__Listed entries__
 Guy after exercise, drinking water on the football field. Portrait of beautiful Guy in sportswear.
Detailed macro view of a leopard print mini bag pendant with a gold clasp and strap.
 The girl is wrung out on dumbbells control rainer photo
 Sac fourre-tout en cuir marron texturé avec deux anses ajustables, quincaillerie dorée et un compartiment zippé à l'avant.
...
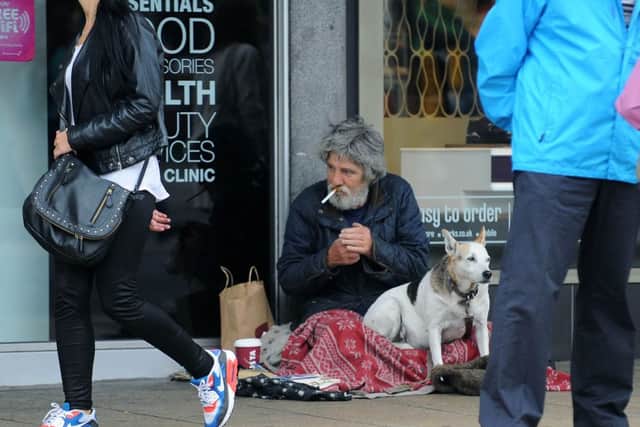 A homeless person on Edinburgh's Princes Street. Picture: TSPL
---
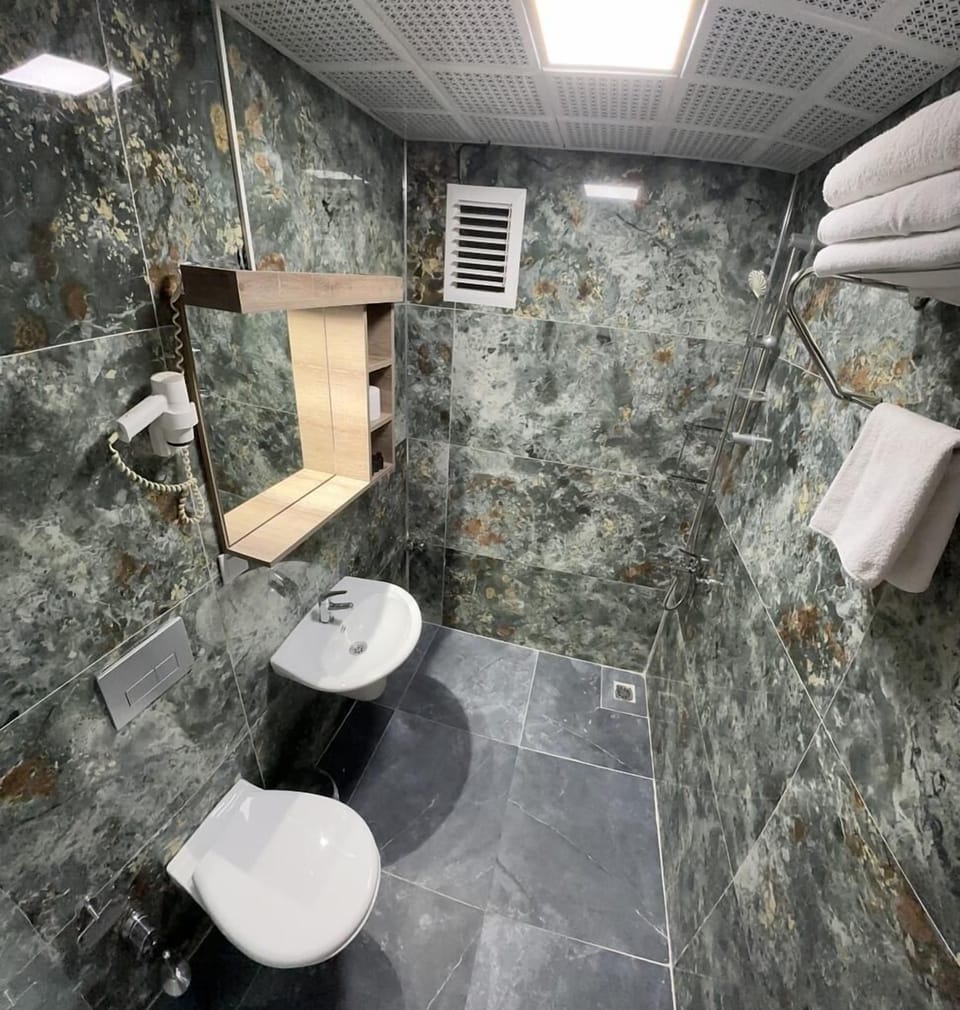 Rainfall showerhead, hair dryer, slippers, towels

__Task to carry out__
Search the listing above for the lines with "Guy after exercise, drinking" and "Sac fourre-tout en", then output those lines and all lines between them exactly.

__Response area__
 Guy after exercise, drinking water on the football field. Portrait of beautiful Guy in sportswear.
Detailed macro view of a leopard print mini bag pendant with a gold clasp and strap.
 The girl is wrung out on dumbbells control rainer photo
 Sac fourre-tout en cuir marron texturé avec deux anses ajustables, quincaillerie dorée et un compartiment zippé à l'avant.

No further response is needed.